Since three Bgl II RFLPs can only detect about 1,000 kb in the central region of dystrophin gene11, 23, four Xba I RFLPs shown by cDNA 1–2a, 2b-3, 4–5a and 10, were used to extend the detected region to cover almost entire dystrophin gene including two hot-spot mutation regions. Three of four Xba I RFLPs were first revealed by our previous work20. Successful identification of carrier state for 29 females in 8 DMD/ BMD families was done by dosage intensity analysis and genetic linkage analysis with the 8 RFLPs distributed in entire dystrophin gene. In A2, B4, C1 and C2 families, the deletions were found in all 4 probands. 15 females from these families were accurately diagnosed with dosage intensity analysis. Five of them were defined as carrier of DMD mutation, 10 of them were normal. These results were consistent with those from linkage analysis. Although there is no deletion found in families A1 and B3, most of the individuals were still accurately diagnosed because most of these RFLPs showed allelic segragation. So 6 females were diagnosed as carrier of DMD, and 2 females as normal. But in families B1 and B2, the diagnosis was speculative because the allele-segragation of the RFLPs was limited.

In two females (II-1 in B2 family and II-1 in B3 family) of 40 offspring individuals, recombination occurred between Bgl II RFLP detected by cDNA 5b-7 and Xba I RFLP detected by cDNA 10. The recombination rate is 4 %. Fujishita et al (1991) 24 reported that the recombination between pERT 87–8 locus (against cDNA 2b-3) and 3′ end portion of the gene was found in 4 of 36 members in Japanese. and with a fraction of 11%. Abbs et al (1990)25 reported a fraction of 9.2 % in the two intragenic loci. This often makes it difficult to detect carriers accurately. Thus, more studies are needed to find novel RFLPs using dystrophin cDNA. Eight dinucleotide repeat (CA)n polymorphisms (three polymorphisms from 5′ end 26, 27, one from 3′ end28, and four from intron 44, 45, 49 and 50 of dystrophin gene29) were also used to detect the DMD/BMD carrier in our laboratory (to be published elsewhere), in which a part of the recombination within the gene can not be revealed for the dinucleotide repeat polymorphisms distributed with few and far between in the very large gene so that the accuracy of carrier diagnosis would be certainly affected. Moreover, 90 per cent of the deletion mutations can be found by multiplex DNA amplification with nine pairs of primers30 in 45 Chinese patients with DMD/BMD (to be published elsewhere), but carrier detection based on the product dosage of PCR amplification could not be carried out successfully. On the other hand, the presence of germinal mosaicism31 is also another problem for carrier detection. We think that rapid, economic, convenient, and accurate diagnosis for DMD/BMD carrier will depend on the combined application of several methods mentioned above accoding to the mutation type of proband with DMD or BMD. Therefore, gene dosage analysis with Southern hybridization is still important.

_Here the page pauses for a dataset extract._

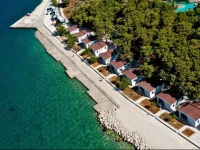 Dalmatian Star Homes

Recently, we have revealed 12 novel RFLPs (including 4 Taq I RFLPs, 3 Pvu II RFLPs, 2 EcoR V RFLPs and 3 Xba I RFLPs) by dystrophin cDNA, which will be published elsewhere20. Together with 26 RFLPs, which were also detected by dystrophin cDNA reported previously in Caucasian12, 14, 19, 32 and Japanese33, all 38 RFLPs distributed in entire gene will make the carrier testing based on dosage analysis and genotype analysis by dystrophin cDNA more sensitive and accurate.